What you have to do:
Write down exactly what lies from the line containing "In Okrug Donji mit privatem Parkplatz-Dehors" to the end of the records, inclusive, and omit the pictures.

[Opening Supplied data section]

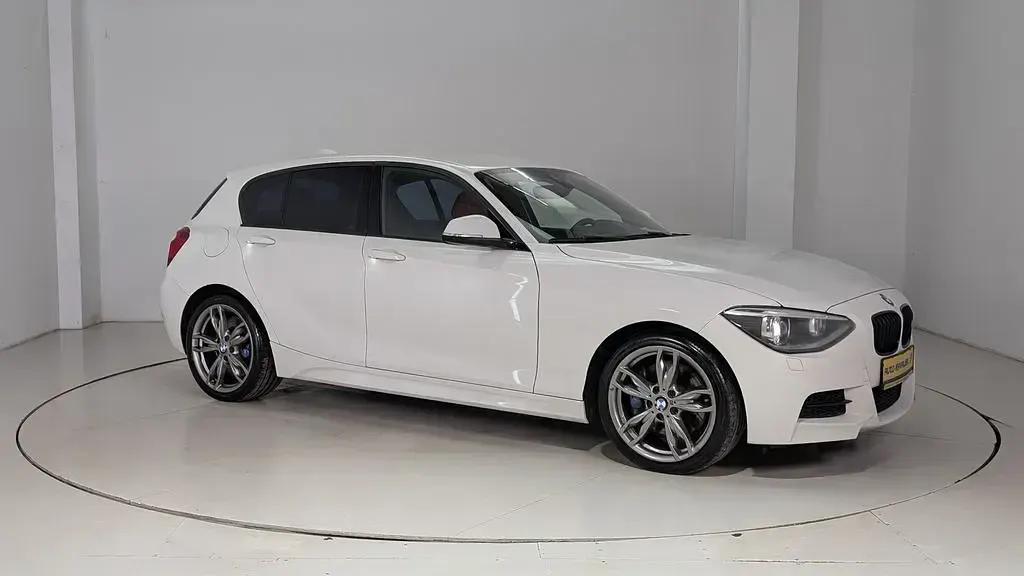 Gebraucht BMW M135 Performance 320 PS (235 kW) 2013 Weiß Kleinwagen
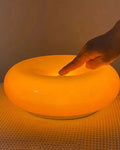 LED-Tischleuchte im Donut-Design – Orange und Weiß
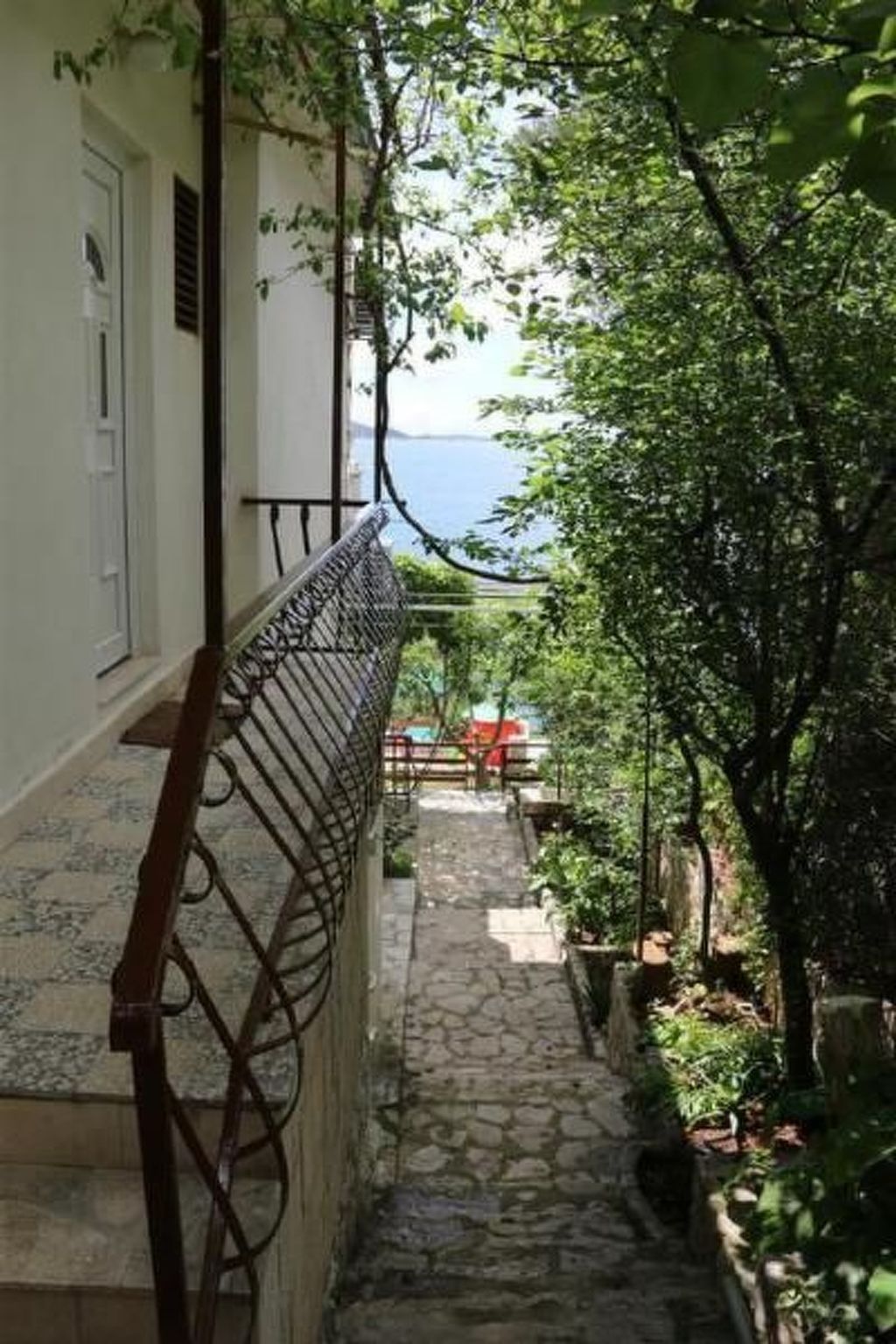 In Okrug Donji mit privatem Parkplatz-Dehors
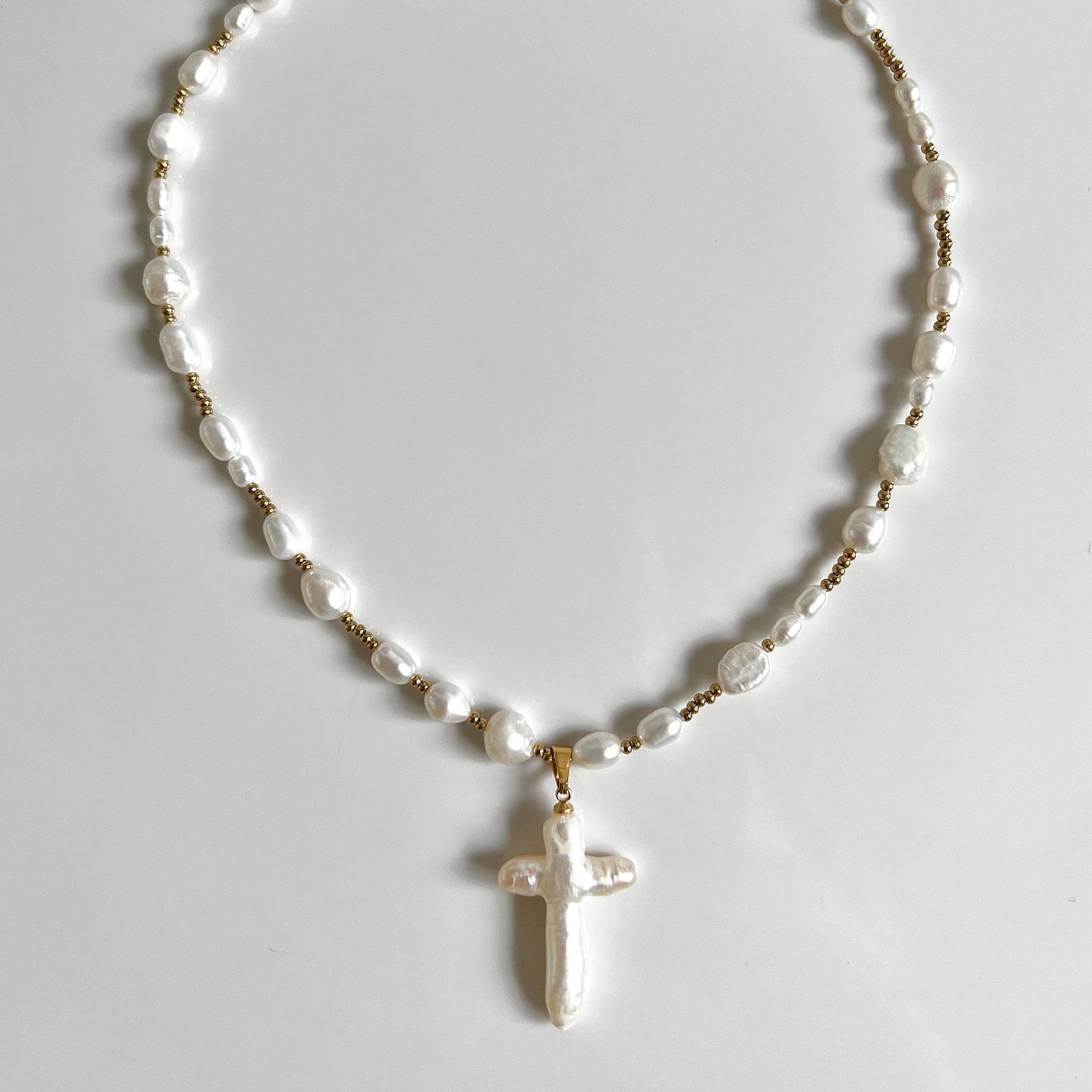 Vintage Baroque Cross Pearl Necklace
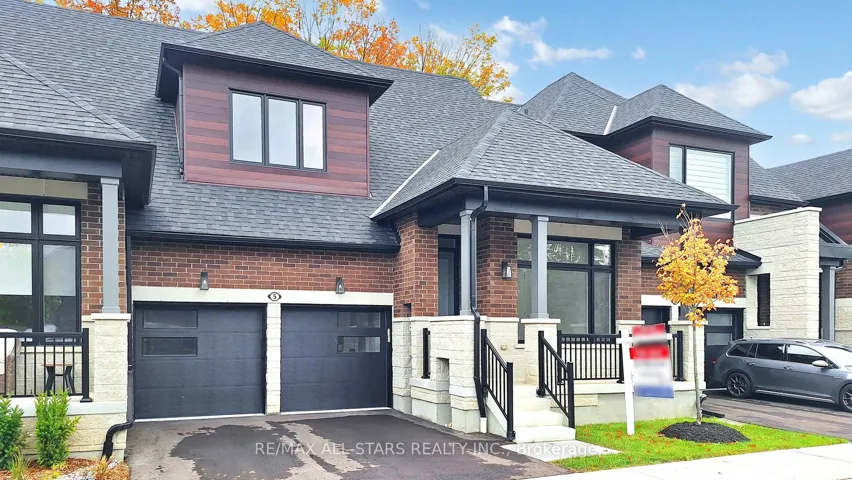 5 Vern Robertson Gate, Uxbridge, ON L9P 0R9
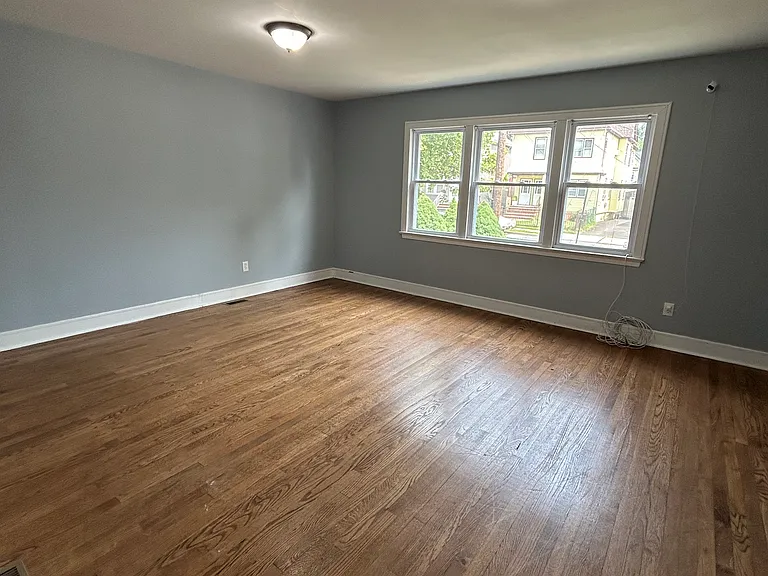 521 Burnham Rd — Photo 2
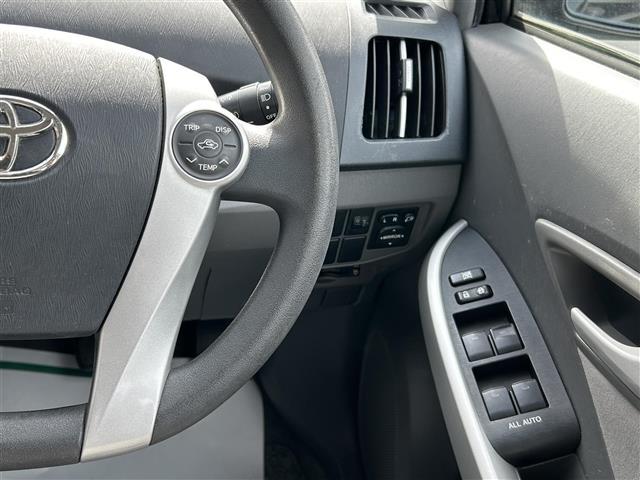 プリウス Ｓ　ディーラー純正ナビ／ＥＴＣ（10枚目）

[Closing Supplied data section]

Result of the exercise:
 In Okrug Donji mit privatem Parkplatz-Dehors
 Vintage Baroque Cross Pearl Necklace
 5 Vern Robertson Gate, Uxbridge, ON L9P 0R9
 521 Burnham Rd — Photo 2
 プリウス Ｓ　ディーラー純正ナビ／ＥＴＣ（10枚目）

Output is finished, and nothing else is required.